New York: the city that never sleeps and, apparently, always drives.
On the heels of recent reporting about the MTA’s falling ridership numbers and an unexpected deal between Governor Cuomo and Mayor De Blasio to curb traffic congestion, the results of a new study released today by Lime reveal another troubling reality concerning mobility in the Big Apple:
The largest city in the United States is in the midst of a transit equity crisis.
Based on data provided by Sam Schwartz Engineering, Lime’s comprehensive report focuses on four key aspects of both the problem and the possible solution:
The demographics of transit deserts
The relationship between household income and proximity to subway stations
The number of New Yorkers that micromobility would connect to public transit
The importance of city-wide micromobility access
Read on to see some of the highlights of our findings.
While New York City’s population has recently hit record highs, the majority of residents do not have easy access to affordable transportation. These New Yorkers reside what have become known as transit deserts: areas with limited transportation options, where demand far exceeds supply.
Lime’s reporting shows that these transit deserts drastically and disproportionately affect low-income populations and communities of color, resulting in significant barriers to upward mobility; this despite a robust subway system and 6,000 buses running on 300 bus routes city-wide.
Data continues to demonstrate that the locations of transit hubs in New York — subway stations, docked bike stations, bus stops — are geographically biased towards communities of higher incomes.
According to Lime’s report, areas within reasonable walking distance of a subway station are more likely to have higher household incomes than the city’s average.
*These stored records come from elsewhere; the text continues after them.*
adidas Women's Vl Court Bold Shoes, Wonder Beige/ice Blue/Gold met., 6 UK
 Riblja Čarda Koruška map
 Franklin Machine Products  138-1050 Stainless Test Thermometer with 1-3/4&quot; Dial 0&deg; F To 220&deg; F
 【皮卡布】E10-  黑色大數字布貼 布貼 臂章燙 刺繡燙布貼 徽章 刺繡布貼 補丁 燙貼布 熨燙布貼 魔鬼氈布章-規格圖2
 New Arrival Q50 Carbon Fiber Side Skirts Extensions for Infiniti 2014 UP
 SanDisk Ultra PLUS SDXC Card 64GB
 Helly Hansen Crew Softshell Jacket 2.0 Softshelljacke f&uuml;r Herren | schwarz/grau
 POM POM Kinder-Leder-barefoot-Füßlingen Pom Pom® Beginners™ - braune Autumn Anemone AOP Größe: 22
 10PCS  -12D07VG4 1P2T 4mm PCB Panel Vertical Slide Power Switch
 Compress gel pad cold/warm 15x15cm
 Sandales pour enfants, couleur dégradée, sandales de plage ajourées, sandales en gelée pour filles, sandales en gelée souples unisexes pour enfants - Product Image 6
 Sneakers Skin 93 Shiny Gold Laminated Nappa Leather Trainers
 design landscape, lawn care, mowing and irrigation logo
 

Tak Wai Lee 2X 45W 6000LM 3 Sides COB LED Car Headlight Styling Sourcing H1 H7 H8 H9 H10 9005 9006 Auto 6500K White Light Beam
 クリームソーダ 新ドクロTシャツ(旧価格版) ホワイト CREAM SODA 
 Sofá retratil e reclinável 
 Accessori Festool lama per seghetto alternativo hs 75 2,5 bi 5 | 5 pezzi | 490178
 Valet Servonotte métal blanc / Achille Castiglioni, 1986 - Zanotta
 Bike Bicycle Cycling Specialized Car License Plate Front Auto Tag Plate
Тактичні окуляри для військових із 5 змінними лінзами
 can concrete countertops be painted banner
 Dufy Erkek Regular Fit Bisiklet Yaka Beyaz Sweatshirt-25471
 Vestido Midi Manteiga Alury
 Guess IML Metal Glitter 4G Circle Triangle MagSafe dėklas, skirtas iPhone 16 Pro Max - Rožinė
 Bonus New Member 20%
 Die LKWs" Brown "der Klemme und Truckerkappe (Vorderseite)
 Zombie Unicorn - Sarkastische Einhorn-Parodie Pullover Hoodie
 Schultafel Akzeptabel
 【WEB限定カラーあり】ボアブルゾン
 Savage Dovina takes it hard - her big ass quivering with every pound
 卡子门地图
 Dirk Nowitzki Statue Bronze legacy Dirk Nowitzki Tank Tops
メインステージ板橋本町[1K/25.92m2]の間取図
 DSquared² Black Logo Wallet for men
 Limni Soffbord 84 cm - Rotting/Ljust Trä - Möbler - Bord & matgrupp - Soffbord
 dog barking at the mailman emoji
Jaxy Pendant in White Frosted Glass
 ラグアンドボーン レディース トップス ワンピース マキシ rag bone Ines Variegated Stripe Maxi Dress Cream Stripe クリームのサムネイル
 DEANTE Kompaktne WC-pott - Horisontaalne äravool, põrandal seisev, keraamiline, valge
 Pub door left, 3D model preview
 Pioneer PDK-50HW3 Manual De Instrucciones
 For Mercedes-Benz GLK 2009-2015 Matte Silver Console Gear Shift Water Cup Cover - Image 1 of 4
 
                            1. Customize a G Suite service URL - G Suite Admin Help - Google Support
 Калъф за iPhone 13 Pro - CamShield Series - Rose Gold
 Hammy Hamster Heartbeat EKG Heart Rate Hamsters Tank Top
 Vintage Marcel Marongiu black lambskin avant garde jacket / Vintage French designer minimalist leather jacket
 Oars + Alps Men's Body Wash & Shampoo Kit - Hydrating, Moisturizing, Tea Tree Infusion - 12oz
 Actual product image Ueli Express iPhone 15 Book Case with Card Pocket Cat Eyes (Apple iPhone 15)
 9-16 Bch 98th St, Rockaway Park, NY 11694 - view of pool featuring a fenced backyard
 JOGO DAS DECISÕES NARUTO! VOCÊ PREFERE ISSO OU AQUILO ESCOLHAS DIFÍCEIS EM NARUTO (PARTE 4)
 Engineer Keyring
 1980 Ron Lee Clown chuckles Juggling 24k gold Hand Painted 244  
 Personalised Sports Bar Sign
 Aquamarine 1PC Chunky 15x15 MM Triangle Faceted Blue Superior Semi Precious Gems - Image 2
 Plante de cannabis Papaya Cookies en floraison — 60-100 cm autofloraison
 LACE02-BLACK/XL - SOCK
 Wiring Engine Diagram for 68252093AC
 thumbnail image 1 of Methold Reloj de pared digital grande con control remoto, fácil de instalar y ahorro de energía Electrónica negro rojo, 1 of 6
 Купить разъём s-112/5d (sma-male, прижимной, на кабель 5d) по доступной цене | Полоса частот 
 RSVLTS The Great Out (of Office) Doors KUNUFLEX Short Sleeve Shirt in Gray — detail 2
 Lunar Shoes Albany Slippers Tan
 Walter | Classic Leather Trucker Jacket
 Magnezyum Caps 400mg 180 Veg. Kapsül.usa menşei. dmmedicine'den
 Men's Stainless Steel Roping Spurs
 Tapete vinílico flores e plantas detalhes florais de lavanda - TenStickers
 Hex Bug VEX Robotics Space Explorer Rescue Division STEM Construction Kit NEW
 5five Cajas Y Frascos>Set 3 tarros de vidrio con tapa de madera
This corresponds with findings released by the Community Service Society of New York, showing that 58% of low-income New Yorkers rely on the subway and buses as their main form of transportation, spending more than 10% of their income on transit.
“There is an urgent need for new reliable, affordable transportation options that serve lower-income communities in New York,” said Phil Jones, Lime Senior Director for the East Coast.
“Lime has proven elsewhere that its dock-free bikes and scooters can close the transportation equity gap and deliver needed service to lower-income communities. We stand ready to deliver our solutions for New Yorkers.”
Micromobility As Part Of The Solution
As the global leader in micromobility, Lime can have a profound impact on both eliminating transit deserts and providing more equitable transportation access to all New Yorkers.
According to our findings, the availability of dock-free bikes and scooters throughout the five boroughs would put 1.5 million more New Yorkers within a 10-minute walk, bike or scoot of a subway line.
While Lime recommends prioritizing immediate areas of need such as East Flatbush and South Jamaica, the success of such a connectivity network ultimately depends heavily on a comprehensive and city-wide rollout of micromobility options.
Additionally, though our LimeAccess program, Lime offers heavily discounted rides to low-income community members. Thanks to our partnership with PayNearMe, the program allows the unbanked and those without smartphones to access Lime’s dock-free bike and scooter sharing.